The purchases, totalling more than a quarter of estimated US production for 2011-12, stopped March 31, and traders thought cotton prices on global markets would start to slide. But China still needs millions of tonnes of cotton to feed its mills, which produce 40% of the world's cotton goods, analysts said. And with global prices cheaper than domestic, Chinese mills will be agitating for more imports, analysts said.

 

"The mills in China will be looking to import cheaper cotton," said Sharon Johnson Crump, senior analyst at Penson Futures in Atlanta, which will mean "less cotton available on the world market overall."

 

As a result, some traders are positioning themselves for a rise in cotton prices, possibly back to US$1 a pound, if the Chinese government increases the amount of cotton mills are allowed to import.

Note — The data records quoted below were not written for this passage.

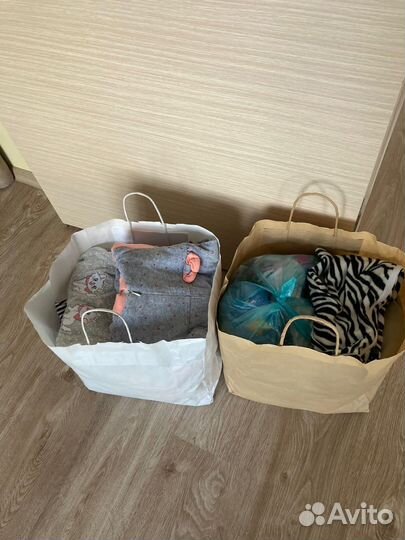 Вещи пакетом на девочку 68-80 см
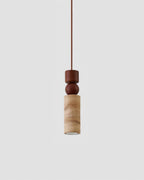 Norreloria Travertine Pendant Light-Moonnatur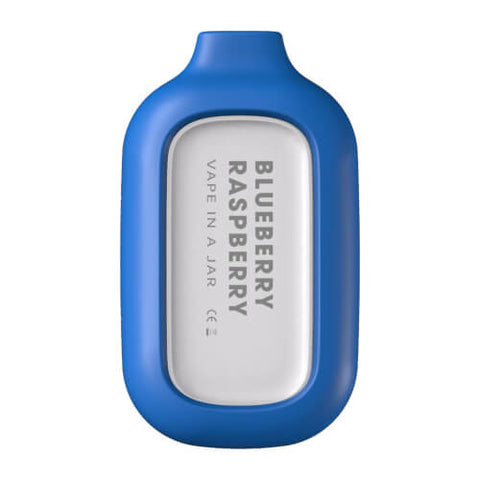 Insta Bar 5000 - 0MG Disposable Vape Pod Device | NO NICOTINE ( PACK OF 10 ) - Eliquid Base-Blueberry Raspberry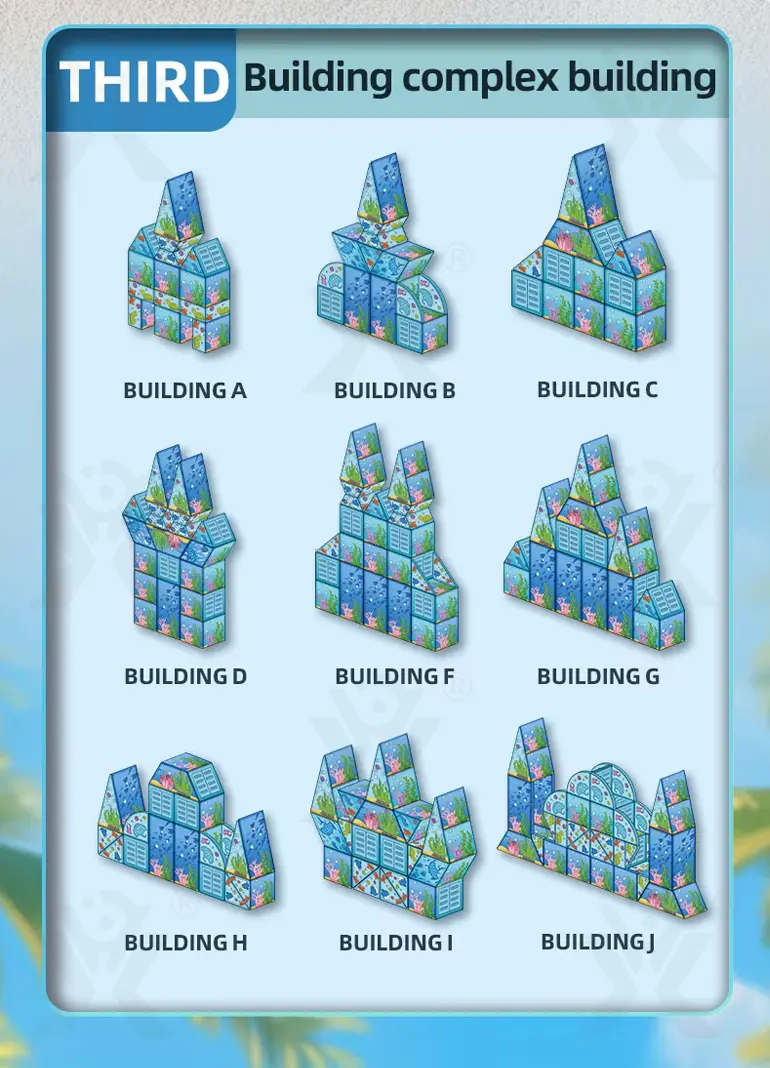 Colorful Ocean Series Magnetic Tile Set (TB-4481008) — illustrated product details, panel 5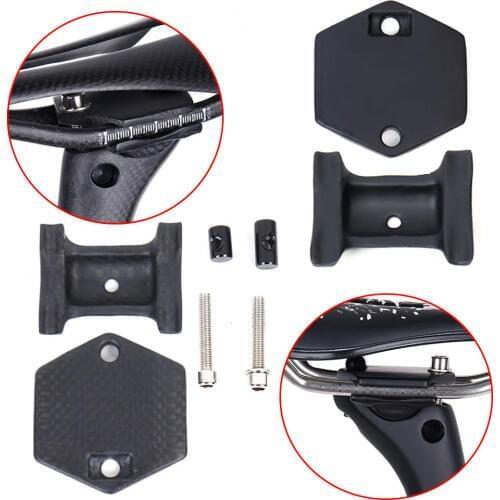 Bicycle carbon fiber seat post parts carbon fiber Base + cover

On Friday (Apr 27), cotton for May delivery settled 1.2% lower, at US$0.8923 a pound, on the ICE Futures US exchange.

 

"I think the domestic demand [in China] will cause the price to go up," said one Tennessee trader who is betting cotton prices will rise. "I think there's a shortage of quality cotton that's deliverable" for futures contracts due to how much high-quality, upland-variety cotton China has purchased from the US, he said.

 

The trader said he plans to remain bullish on cotton prices for the next few months. The harvests are done, so the market can only draw from current supplies until the new crop is harvested later this year, he said.

 

China dipped a toe back into the market in the week ended April 19. The USDA reported that China bought 21,800 short tonnes of cotton. The last time China bought a comparable amount was March 22, just before the stockpiling programme ended, when it bought almost 25,000 tonnes.

 

Importing cotton from the global market makes sense for Chinese mills because domestic prices are high. The China National Cotton Reserves Corp. is paying CNY21,826 or US$3,464, a tonne for fiber from domestic producers to build up its reserves, but it only buys about 40% of the output. The rest is sold on the domestic market, where prices closed at US$3,698 a tonne Friday on the Zhengzhou Commodity Exchange, about double what cotton is trading for on the ICE exchange.

 

The inflated prices guarantee a floor for farmers and are meant to encourage planting of the fiber, but the government's meddling in the market hasn't satisfied them. A recent survey by the China Cotton Association said farmers likely will reduce their planting areas by almost 17% this year because costs for labour, fertiliser and seeds are rising while domestic prices, though high, have eased from last year.

 

Chinese mills in need of cotton and trying to avoid high domestic prices have two options, both of which depend on the actions of the Chinese government. The mills are limited to a total import quota of 985,466 tonnes, which is separate from what the government imports for reserves, but domestic cotton traders say they expect the government to issue additional quotas when the cotton planting is complete at the end of April. The other option is that the government releases some of its reserves, as it did last year when prices in the US hit a record of US$2.27 a pound.

 

China bought cotton from the global market from September 8-March 31 to replenish those stocks. In 2011, China's amount of cotton left over at the end of the year was down 24% from 2010 and nearly 50% from 2009.

 

Analysts say it is unlikely China would want to release its reserve stocks into the market now because global prices are lower than what it paid for the fiber. Moreover, a release from reserves would drive down domestic prices, upsetting farmers. Releasing the reserves also would upset mills, as the price for cotton on the global market is much cheaper.